Oh and I hope you folks don't mind the month long format I've went with, it's looking like a busy month for me, so I figured I would throw these all together.


----------



## c_dog (Sep 15, 2002)

Porn Player said:


> We're 4-13.
> 
> And what's next?
> 
> ...


the only probable wins here are sac, detroit, orlando, and new orleans. dallas and houston could be won but not likely. this team matches up well against brooklyn. in any case, even though this is a tough schedule i see the raps getting 4-5 wins, which is on pace with what they're doing now.


----------



## ozzzymandius (Jun 9, 2003)

~~groan ~~ even my usual optimism is being challenged here <sigh>
Go Raptors Go!!


----------



## Marcus13 (Jul 17, 2002)

6-8


----------



## doctordrizzay (May 10, 2011)

this is not going to be good. Can't the raps just get a new GM and stop drafting Europeans. Although I do like Jonas. It's just Bargnani needs to go...and while they're at it get a shooting guard who can actually shoot well and defend.


----------



## Porn Player (Apr 24, 2003)

DeMar should have pushed the rock up court for Lowry to get that final shot.

Good game.


----------



## Mr_B (Mar 6, 2004)

*sighs* gotta tread water till Jan


----------



## c_dog (Sep 15, 2002)

watching the sacremento game. can't believe colangelo thought mcguire could replace james johnson. he's killing us in the second quarter. landry hasn't exactly panned out either.

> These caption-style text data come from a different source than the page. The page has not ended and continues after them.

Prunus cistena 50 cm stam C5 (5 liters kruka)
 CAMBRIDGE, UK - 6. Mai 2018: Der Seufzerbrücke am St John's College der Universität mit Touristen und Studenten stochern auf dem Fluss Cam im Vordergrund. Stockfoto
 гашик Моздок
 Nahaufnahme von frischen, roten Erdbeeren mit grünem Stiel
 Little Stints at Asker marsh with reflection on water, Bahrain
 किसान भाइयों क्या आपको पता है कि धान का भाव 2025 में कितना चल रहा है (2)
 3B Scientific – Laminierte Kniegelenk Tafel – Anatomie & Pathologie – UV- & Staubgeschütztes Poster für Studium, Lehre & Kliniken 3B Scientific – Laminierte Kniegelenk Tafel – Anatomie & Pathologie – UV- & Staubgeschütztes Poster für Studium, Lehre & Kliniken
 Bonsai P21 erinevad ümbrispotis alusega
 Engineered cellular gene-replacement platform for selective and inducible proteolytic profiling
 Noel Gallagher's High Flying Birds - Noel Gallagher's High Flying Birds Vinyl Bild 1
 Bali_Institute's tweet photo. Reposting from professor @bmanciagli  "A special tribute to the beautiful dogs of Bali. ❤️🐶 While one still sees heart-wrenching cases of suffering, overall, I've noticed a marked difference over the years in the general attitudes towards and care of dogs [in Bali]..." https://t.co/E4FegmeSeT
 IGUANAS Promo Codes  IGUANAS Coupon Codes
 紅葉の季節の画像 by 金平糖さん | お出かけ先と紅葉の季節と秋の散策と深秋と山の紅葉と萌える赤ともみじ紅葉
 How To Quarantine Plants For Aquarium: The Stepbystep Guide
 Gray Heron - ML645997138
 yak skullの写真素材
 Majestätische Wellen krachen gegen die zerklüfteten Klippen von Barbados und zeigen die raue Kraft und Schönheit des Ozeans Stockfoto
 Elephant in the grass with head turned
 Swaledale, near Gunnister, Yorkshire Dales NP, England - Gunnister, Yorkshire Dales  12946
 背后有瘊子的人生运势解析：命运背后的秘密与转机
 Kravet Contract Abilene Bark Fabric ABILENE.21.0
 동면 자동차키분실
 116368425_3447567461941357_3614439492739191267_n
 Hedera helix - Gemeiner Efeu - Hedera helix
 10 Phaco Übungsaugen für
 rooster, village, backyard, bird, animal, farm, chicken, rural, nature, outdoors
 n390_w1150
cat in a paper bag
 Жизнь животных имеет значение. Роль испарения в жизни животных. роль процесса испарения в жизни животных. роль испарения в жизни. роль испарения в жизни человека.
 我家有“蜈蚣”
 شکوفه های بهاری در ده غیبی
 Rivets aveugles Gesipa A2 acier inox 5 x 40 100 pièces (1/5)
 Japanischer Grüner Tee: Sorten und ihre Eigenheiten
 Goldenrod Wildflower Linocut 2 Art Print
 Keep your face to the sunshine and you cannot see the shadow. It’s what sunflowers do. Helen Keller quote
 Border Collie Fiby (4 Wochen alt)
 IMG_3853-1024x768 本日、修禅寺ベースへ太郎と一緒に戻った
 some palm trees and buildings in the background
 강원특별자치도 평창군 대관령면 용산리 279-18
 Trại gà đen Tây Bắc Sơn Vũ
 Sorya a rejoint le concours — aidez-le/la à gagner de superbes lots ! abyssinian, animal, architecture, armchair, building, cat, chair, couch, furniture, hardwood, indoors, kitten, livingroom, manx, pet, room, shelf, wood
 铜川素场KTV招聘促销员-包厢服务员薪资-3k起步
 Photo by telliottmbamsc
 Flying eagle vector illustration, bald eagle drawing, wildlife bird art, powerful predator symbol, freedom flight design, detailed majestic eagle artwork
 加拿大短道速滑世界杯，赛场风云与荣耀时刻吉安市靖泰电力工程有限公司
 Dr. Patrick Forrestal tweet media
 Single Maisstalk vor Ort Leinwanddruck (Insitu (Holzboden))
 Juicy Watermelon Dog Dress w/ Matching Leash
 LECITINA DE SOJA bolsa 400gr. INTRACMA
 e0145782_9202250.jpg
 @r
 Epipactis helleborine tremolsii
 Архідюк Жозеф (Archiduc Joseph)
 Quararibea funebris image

on the other hand, lowry looks pretty good. very active. good pickup.


----------



## ozzzymandius (Jun 9, 2003)

Great Technical on DeMar !!! Perfect time to show that emotion and frustration with the refs. He's been getting hacked in every game and not getting calls so it's about time he shows the refs and the league he's been getting short changed. That alone can make the difference for us down the stretch !!!


----------



## ozzzymandius (Jun 9, 2003)

Wow ... Pietrus really showing his worth tonight ...


----------



## Porn Player (Apr 24, 2003)

It was another tough gritty game... that we lost

We need to break that cycle, I just don't see it happening any time soon.


----------



## ozzzymandius (Jun 9, 2003)

Boy am I glad I missed this beating .... man just looking at the score and I know what happened. YUCK!!
I'm sure you've all seen it but this Chisholm article says it all :-( 

http://www.tsn.ca/nba/story/?id=411105

We're in deep, deep trouble ...


----------



## Porn Player (Apr 24, 2003)

Yeah. Horrible. 

We are in such a bad position right now.


----------



## Mr_B (Mar 6, 2004)

Sad to be this early into the season and im already hitting the panic button


----------



## Wade County (Jun 22, 2003)

Do the Raptors have their pick this year? Or is it given up?


----------



## ozzzymandius (Jun 9, 2003)

It was given up :-(
There's nothing good coming outta this ...


----------



## ozzzymandius (Jun 9, 2003)

Except maybe a trade of Bargs and a few other role players for a decent roster.


----------



## Porn Player (Apr 24, 2003)

ozzzymandius said:


> Except maybe a trade of Bargs and a few other role players for a decent roster.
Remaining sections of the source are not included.